* **Description of the task**: Since the listing below shows pictures, leave them out and write out exactly the lines from the line with "6 Colors Large" to the line with "Montignac Montre Automatique", both included, and no others.

>>>>

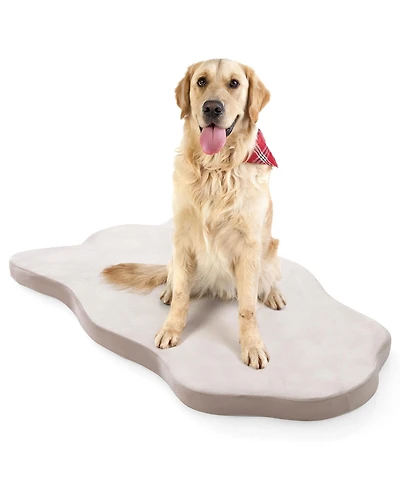 Gymax Dog Sleeping Mat Waterproof Dog Crate Pad Bed Mat with Memory Foam Support
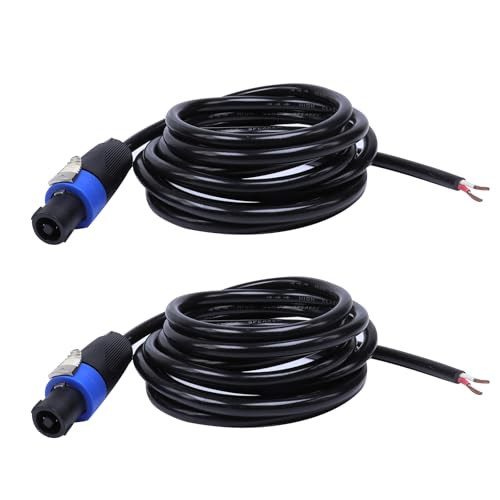 Image of HBU Speakon Cable to Bare Wire - 10 Feet Open End with Twist Lock - 2-Packs | Compatible NL2FC Neutrik Speaker Cables for Pro Road Tour, Chuchero, Tweeters, Mids Wiring (2 Conductors, 16 Gauge)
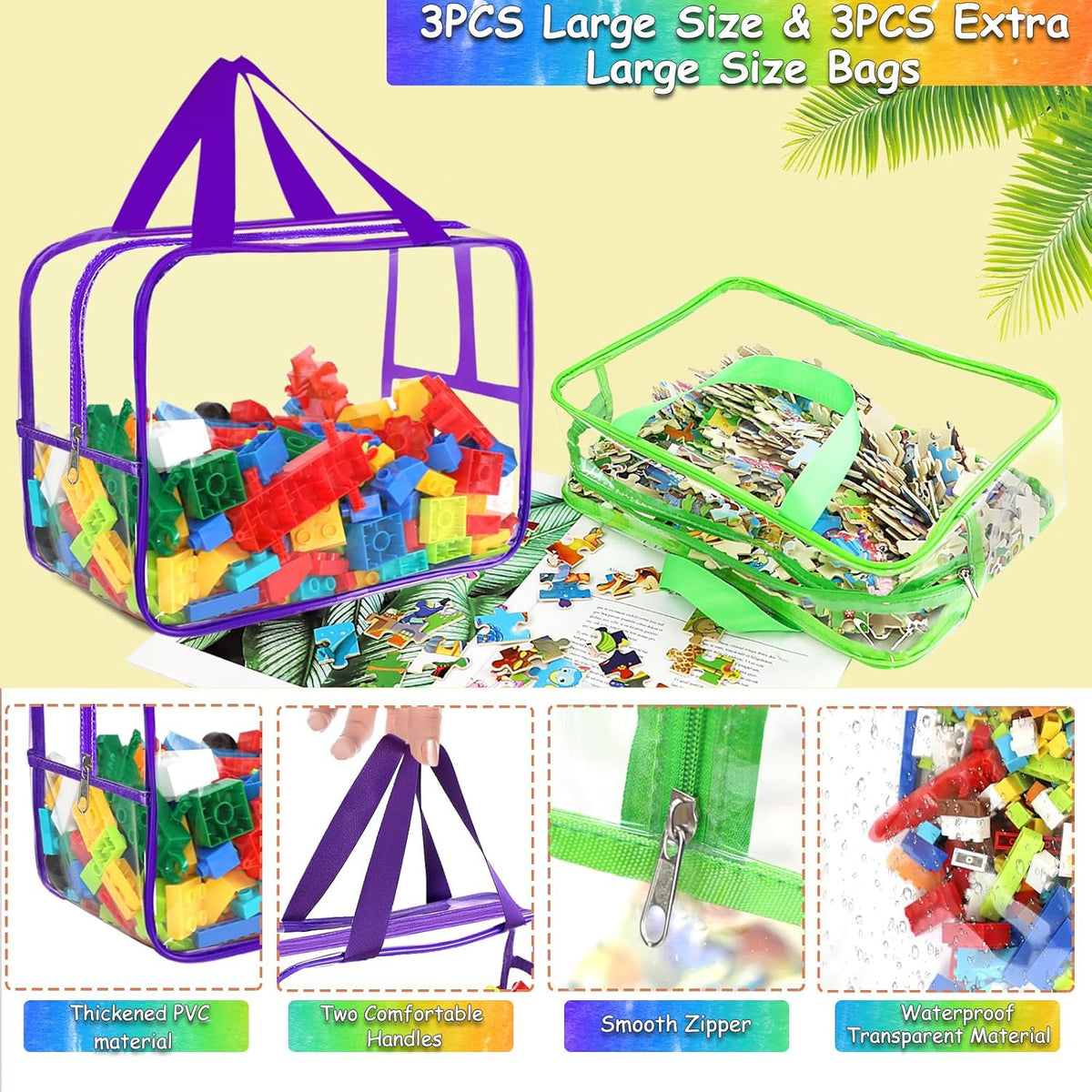 6 Colors Large Toy Storage Bags with Labels, Reusable Clear PVC Board Game Storage, Travel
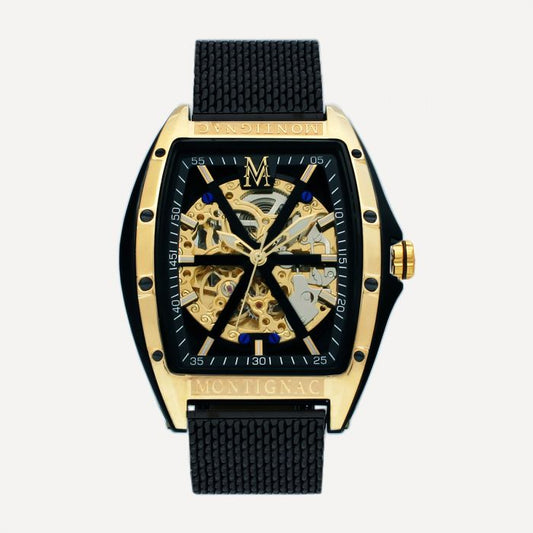 Montignac Montre Automatique Maille Milanaise Noir & Gold_Pixies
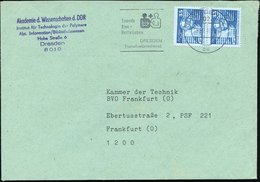 1990 (19.7.) 8024 DRESDEN 24, Maschinen-Werbestempel "Spende Blut..", VGO-Dienstbfrief Akademie Der Wissenschaften Der D - Sonstige & Ohne Zuordnung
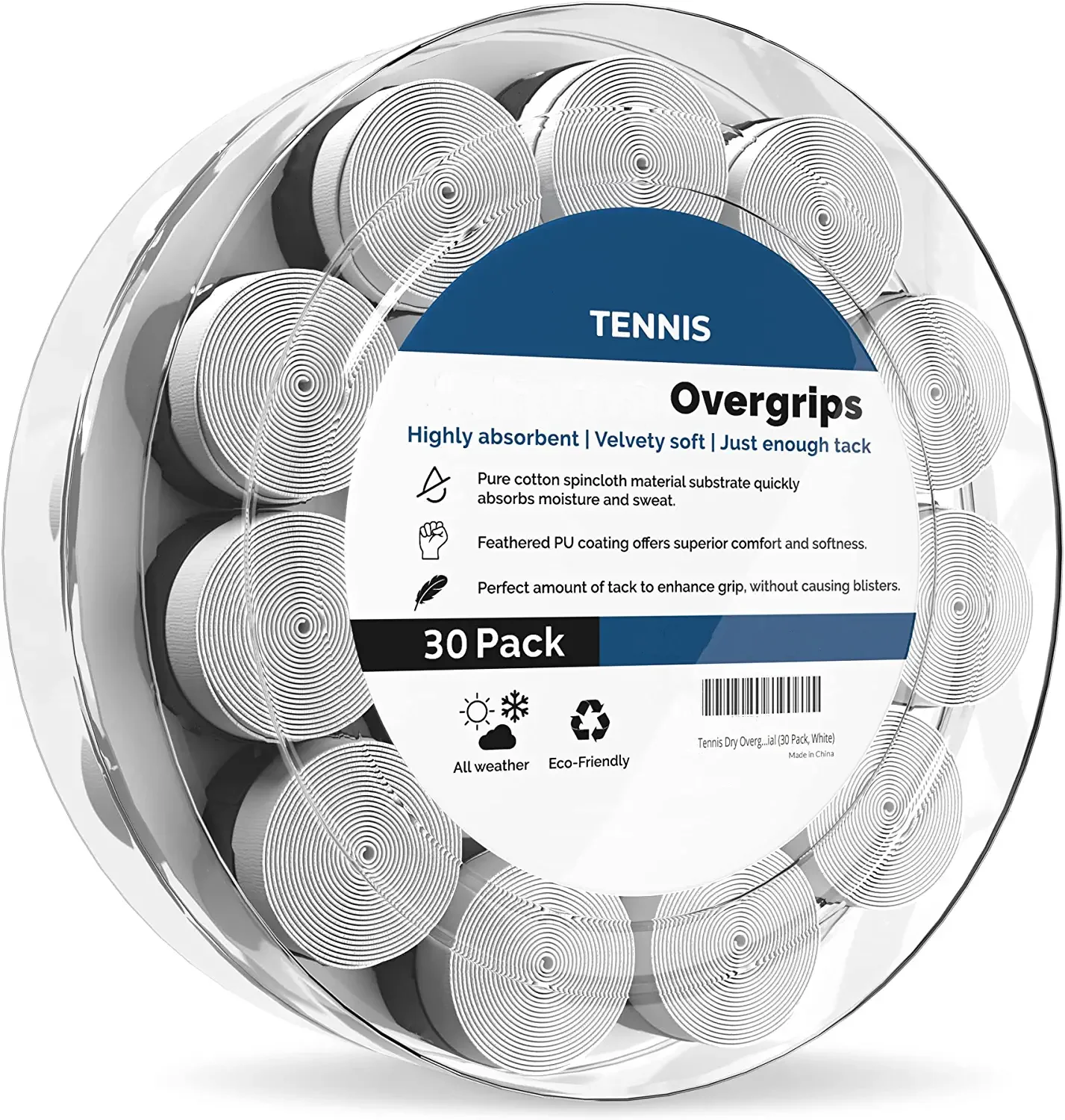 60pcs Replacement Anti-slip Racket Overgrips Over Grips Tennis Badminton Squash Racquet Tape Grips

<<<<

* **Answer to the problem**:
 6 Colors Large Toy Storage Bags with Labels, Reusable Clear PVC Board Game Storage, Travel
 Montignac Montre Automatique Maille Milanaise Noir & Gold_Pixies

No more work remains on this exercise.